Stored entries
*** Block opens ***

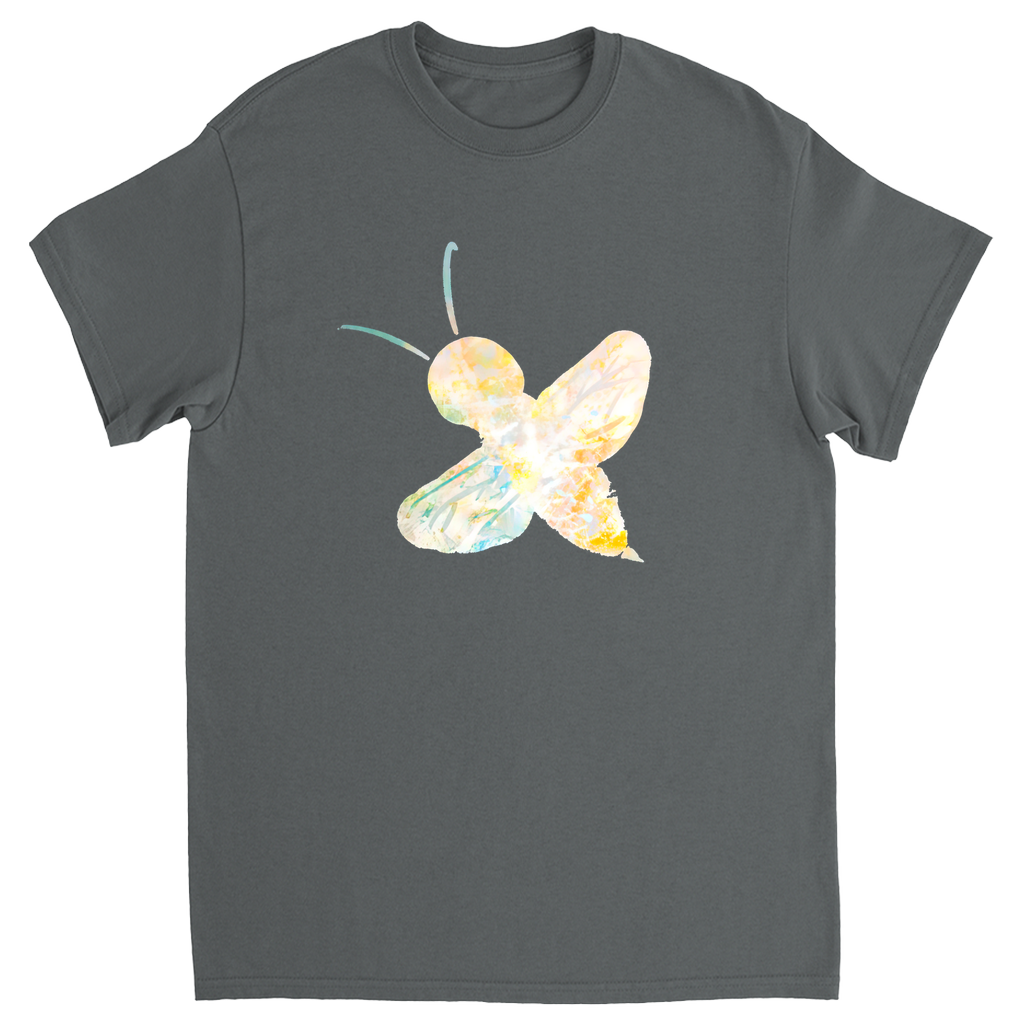 Abstract Sherbet Bee Unisex Adult T-Shirt Charcoal Shirts & Tops apparel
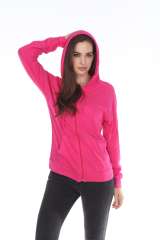 6152 Junior's Long Sleeve Cotton Slub Zip-Up Hoodie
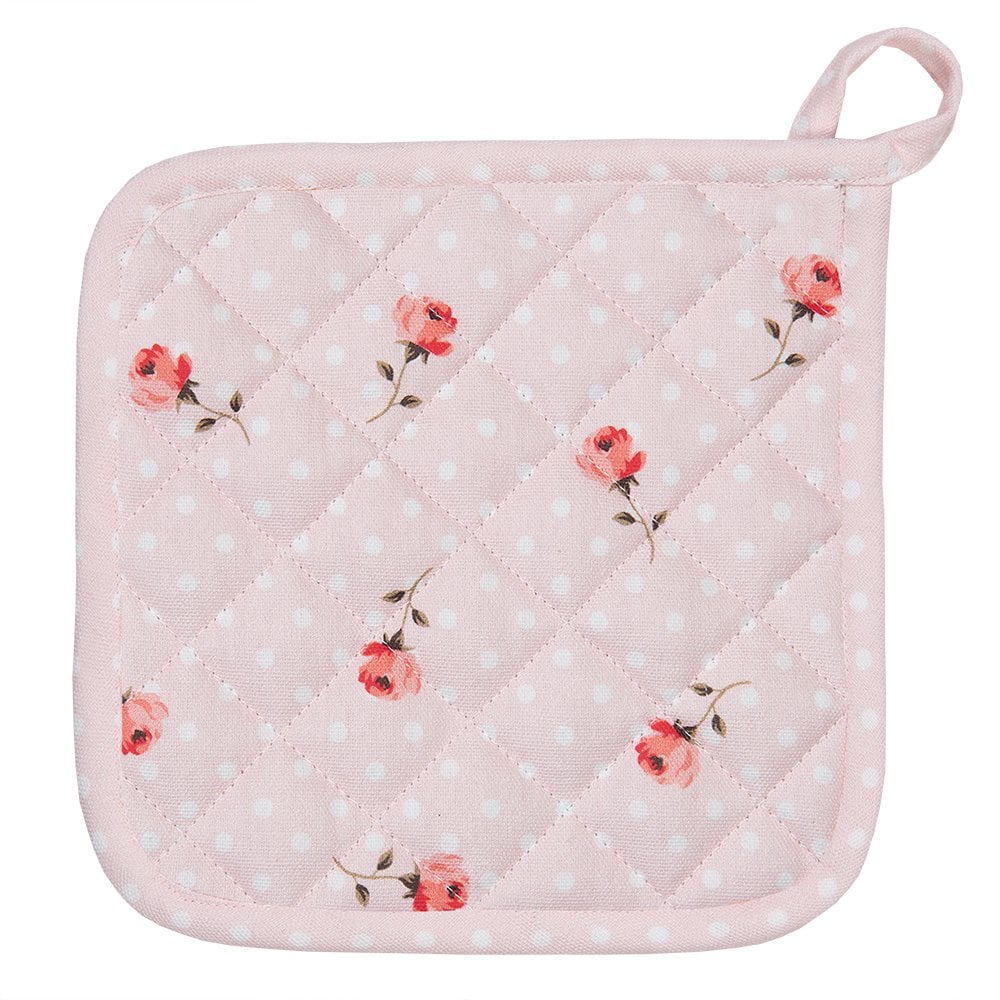 Pannenlap 20x20 cm Roze Paars Katoen Bloemen Afgiet Pannenlap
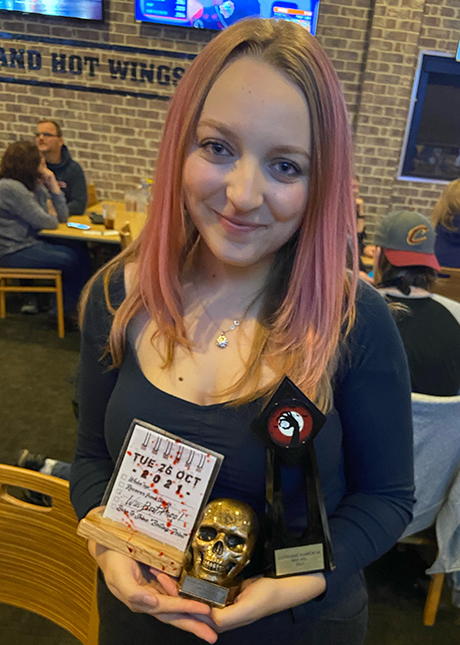 "Boiling Point' producer Lucy Turner ’23 at the Cleveland 48-Hour Film Horror Projects Awards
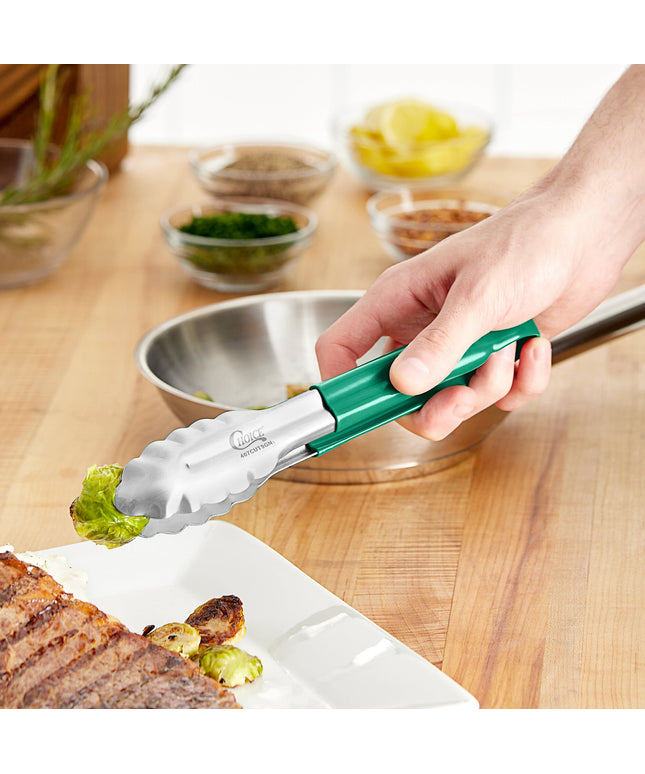 Kẹp gắp vỏ sò thép không gỉ tay cầm bọc xanh lá Choice 24 cm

*** Block closes ***

Lines starting at the one with "Pannenlap 20x20 cm" and ending at the last line of the entries above must be restated word for word, with pictures omitted.

Expected output:
 Pannenlap 20x20 cm Roze Paars Katoen Bloemen Afgiet Pannenlap
 "Boiling Point' producer Lucy Turner ’23 at the Cleveland 48-Hour Film Horror Projects Awards
 Kẹp gắp vỏ sò thép không gỉ tay cầm bọc xanh lá Choice 24 cm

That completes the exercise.